Recorded data below:

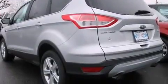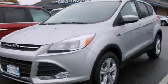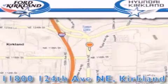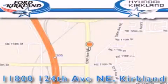Contact us today to schedule your opportunity to see this automobile in person. Ford and Hyundai of Kirkland is located at 11800 124th Northeast in Kirkland. Our goal is to exceed all of your expectations to ensure that you'll return for future visits. Good luck!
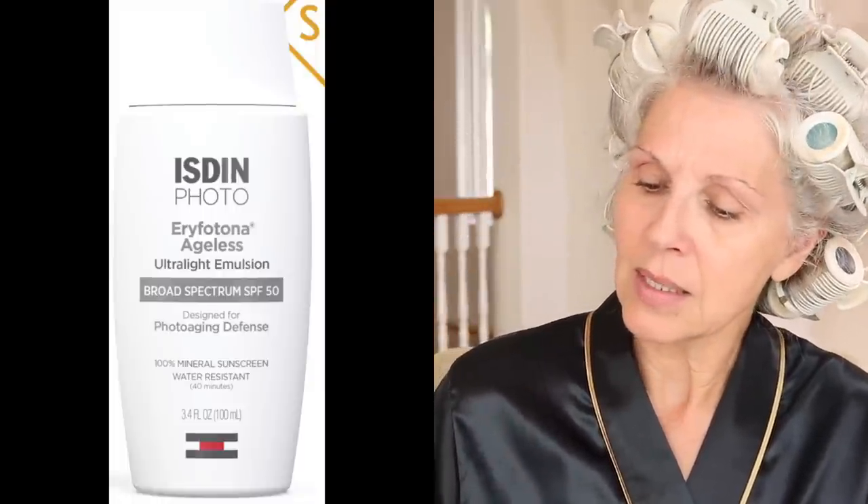The sunscreen I am using today — I've been using it for a couple of weeks now. I love the dry down of it. I love that it's not tacky or sticky, and I love that it does not interfere with the application of my foundation. It is the ISDIN Photo ultralight emulsion. Everything I talk about will be listed and linked below, even things I mention that I don't show in the video.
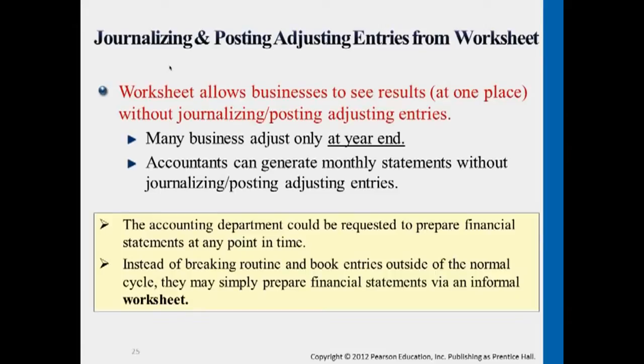Still keep track of adjustments — it's not actually journalizing them officially. They sometimes just jot it down in the worksheet. Worksheet allows the business to see results before even journalizing or posting them.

End of Recorded data.

Reproduce the data above exactly, leaving out any picture in it.

■ Output for this task ■
Contact us today to schedule your opportunity to see this automobile in person. Ford and Hyundai of Kirkland is located at 11800 124th Northeast in Kirkland. Our goal is to exceed all of your expectations to ensure that you'll return for future visits. Good luck!
The sunscreen I am using today — I've been using it for a couple of weeks now. I love the dry down of it. I love that it's not tacky or sticky, and I love that it does not interfere with the application of my foundation. It is the ISDIN Photo ultralight emulsion. Everything I talk about will be listed and linked below, even things I mention that I don't show in the video.
Still keep track of adjustments — it's not actually journalizing them officially. They sometimes just jot it down in the worksheet. Worksheet allows the business to see results before even journalizing or posting them.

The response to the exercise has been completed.